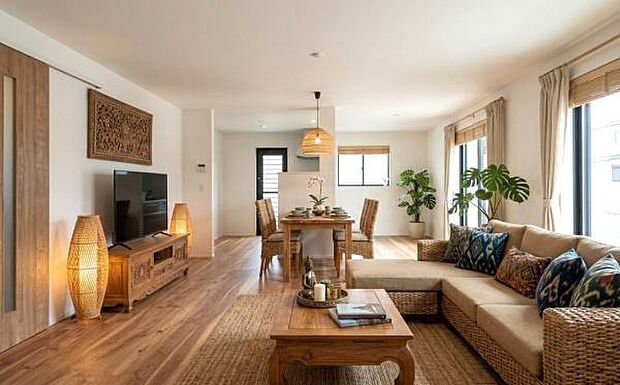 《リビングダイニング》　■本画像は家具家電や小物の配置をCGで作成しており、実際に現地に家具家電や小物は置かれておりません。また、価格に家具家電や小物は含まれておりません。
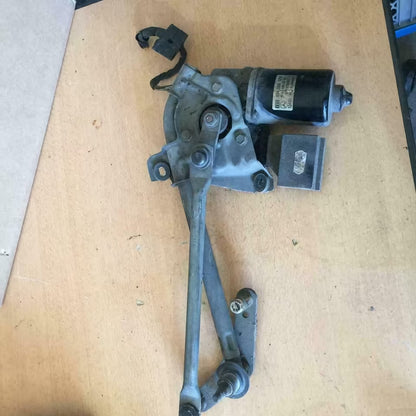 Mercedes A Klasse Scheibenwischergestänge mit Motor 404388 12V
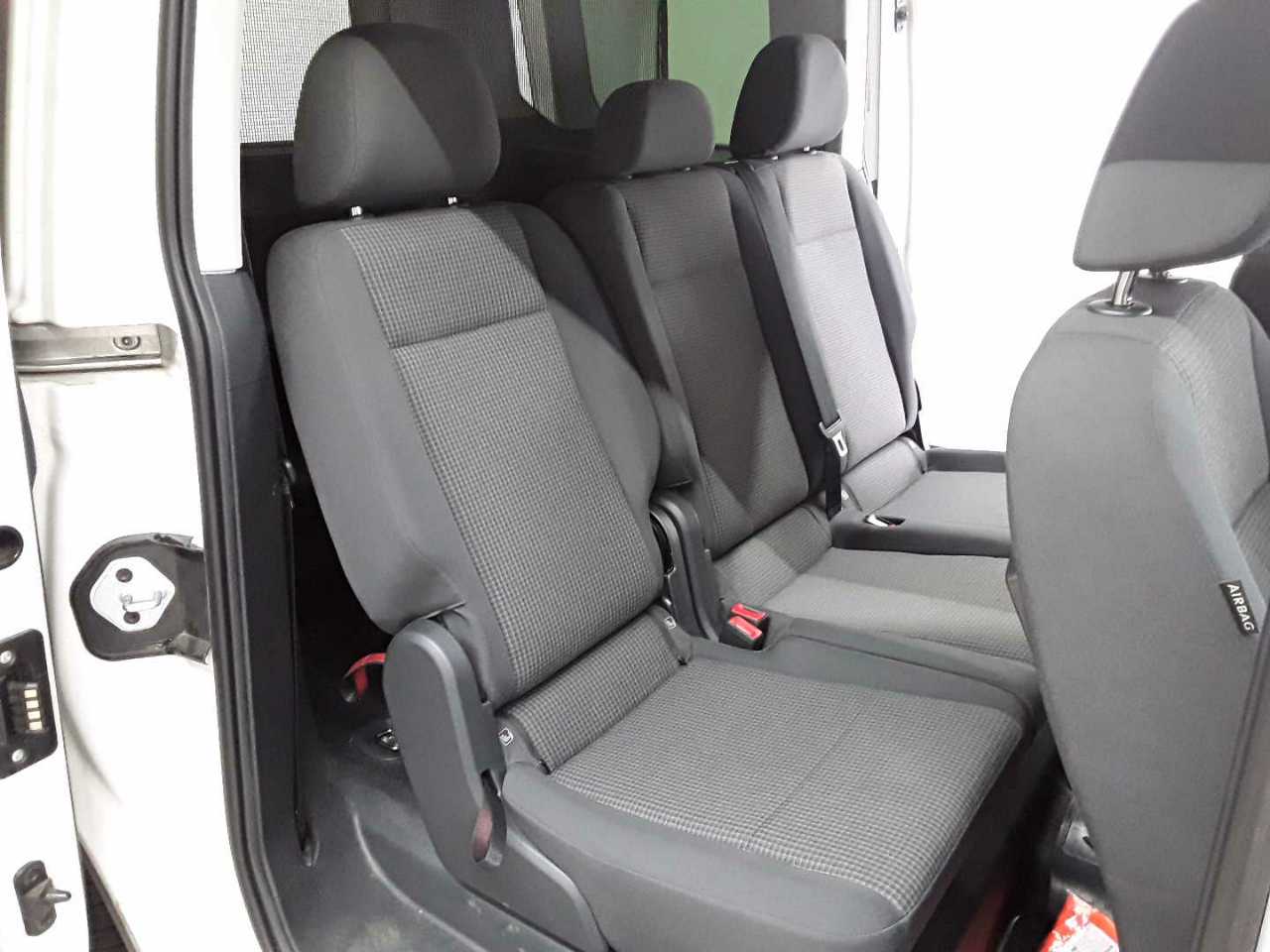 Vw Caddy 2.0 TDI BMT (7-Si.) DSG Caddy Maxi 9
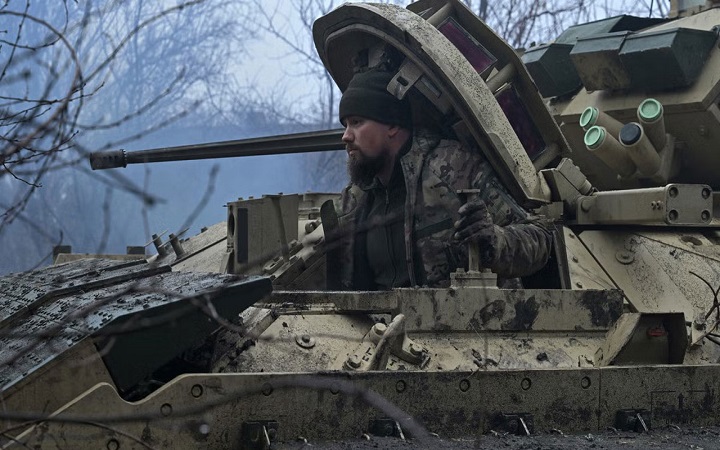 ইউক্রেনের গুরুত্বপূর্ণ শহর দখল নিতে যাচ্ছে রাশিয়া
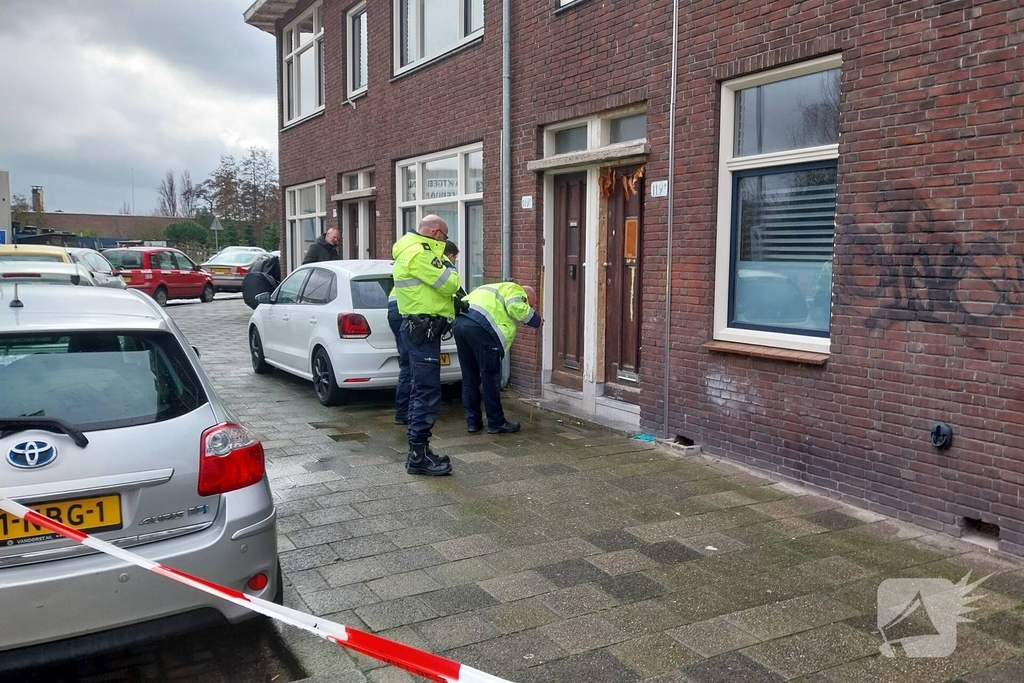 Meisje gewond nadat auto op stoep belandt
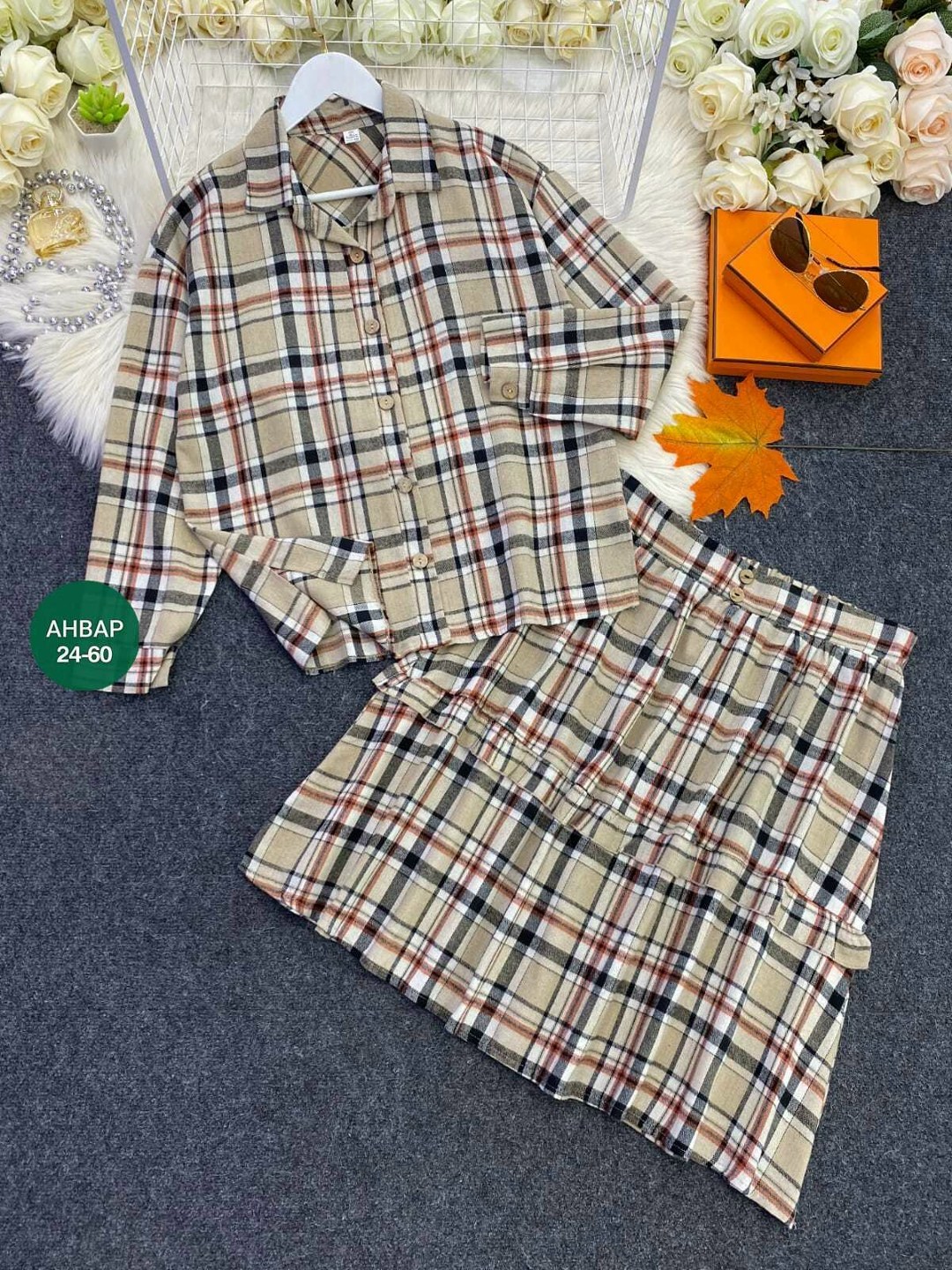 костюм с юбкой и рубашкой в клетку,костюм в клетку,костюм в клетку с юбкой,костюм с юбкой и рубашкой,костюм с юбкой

════════════════

WHAT TO WORK ON –
Exactly restate the lines from the one holding "ইউক্রেনের গুরুত্বপূর্ণ শহর" to the final line of the records above, including both and excluding pictures.

PROBLEM SOLUTION –
 ইউক্রেনের গুরুত্বপূর্ণ শহর দখল নিতে যাচ্ছে রাশিয়া
 Meisje gewond nadat auto op stoep belandt
 костюм с юбкой и рубашкой в клетку,костюм в клетку,костюм в клетку с юбкой,костюм с юбкой и рубашкой,костюм с юбкой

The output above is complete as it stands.